Results: CRP, sTREM-1, and leukocyte counts were significantly higher in gram-negative bacteremia compared to gram-positive bacteremia (p=0.023, p=0.007, and p=0.017, respectively), while IL-6 showed no significant difference (p=0.407). ROC curve analysis revealed moderate discriminatory power for sTREM-1 (AUC=0.719), leukocyte counts (AUC=0.676), and CRP (AUC=0.646). IL-6 exhibited poor discrimination (AUC = 0.439). A combined biomarker model achieved an improved AUC of 0.782, highlighting the potential of a multi-marker approach.

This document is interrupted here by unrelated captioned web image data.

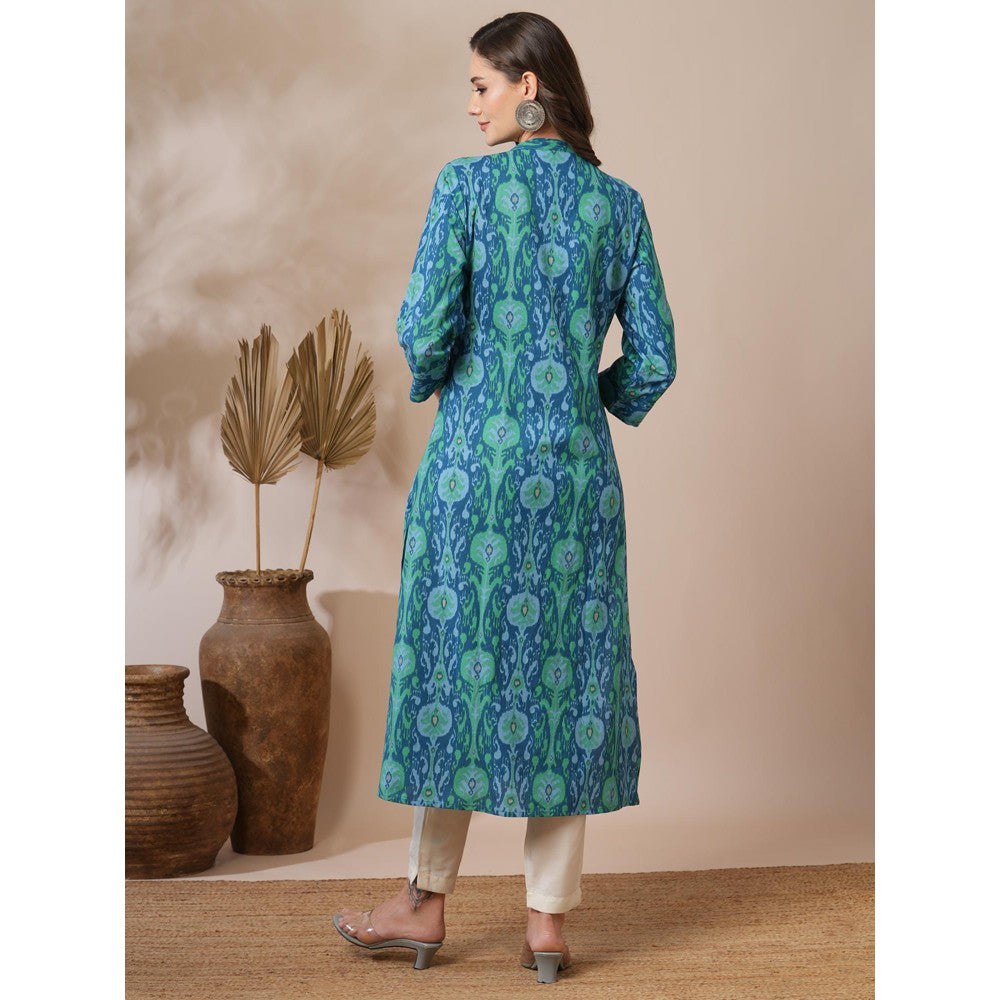 FASHOR Ethnic Ikat Printed A-Line Pin Tucked Kurta Blue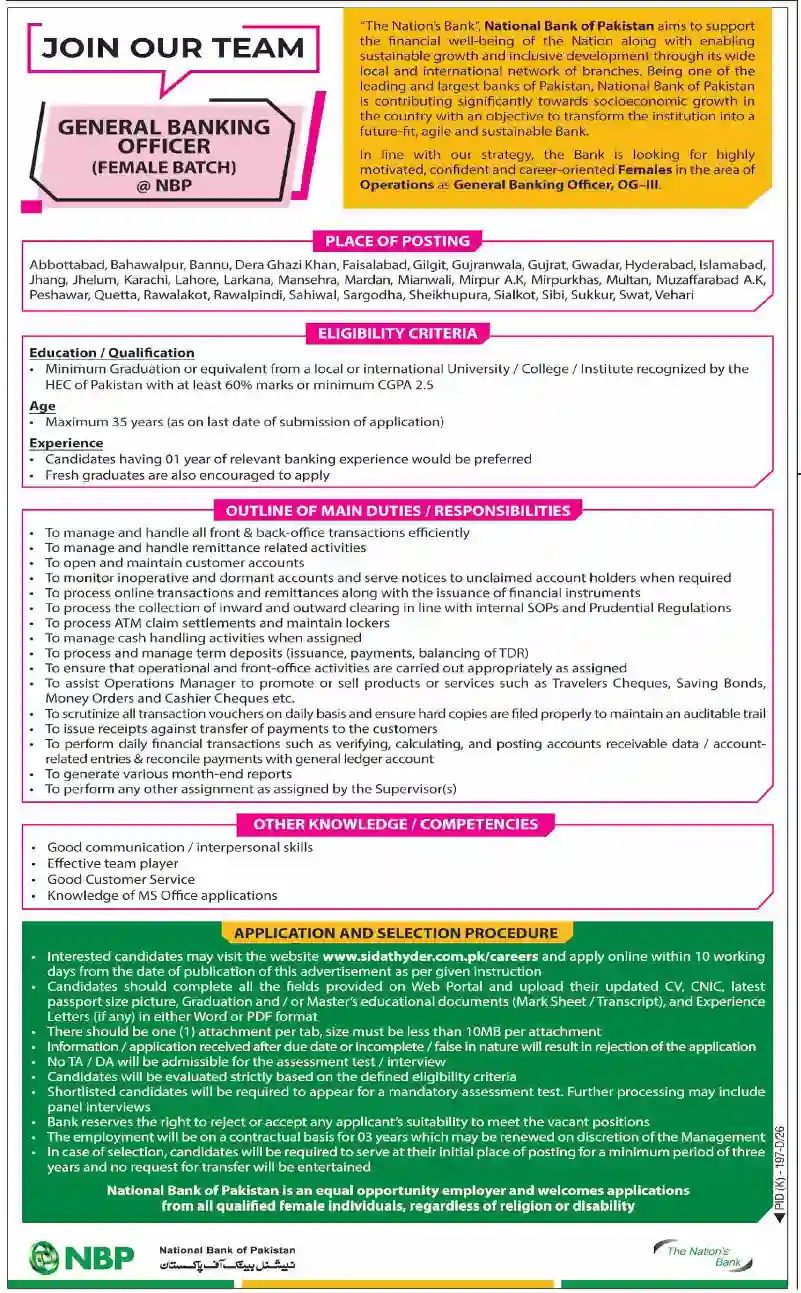 NBP General Banking Officer Female Batch Jobs 2026 Nationwide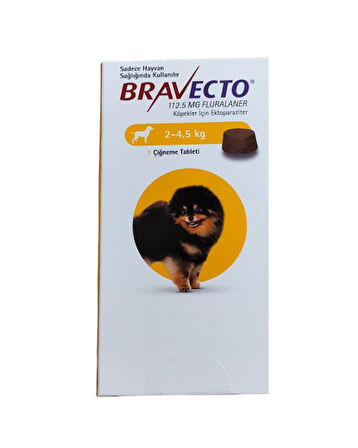 Bravecto Köpekler İçin Çiğneme Tableti 112,5 mg (2 – 4,5 kg) Bir tablet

Conclusions: Among the biomarkers studied, sTREM-1 and leukocyte counts demonstrated the highest utility in distinguishing gram-negative from gram-positive bacteremia. The combined use of CRP, IL-6, sTREM-1, and leukocyte counts further enhanced diagnostic accuracy, underscoring the value of a multi-marker strategy in ICU settings. Future studies with larger cohorts are recommended to validate these findings and explore their clinical application.

Keywords: Biomarkers; bloodstream infection; C-reactive protein (RP); gram-negative bacteremia; gram-positive bacteremia; intensive care unit (ICU); interleukin-6 (IL-6); leukocyte counts; soluble triggering receptor expressed on myeloid cell-1 (sTREM-1).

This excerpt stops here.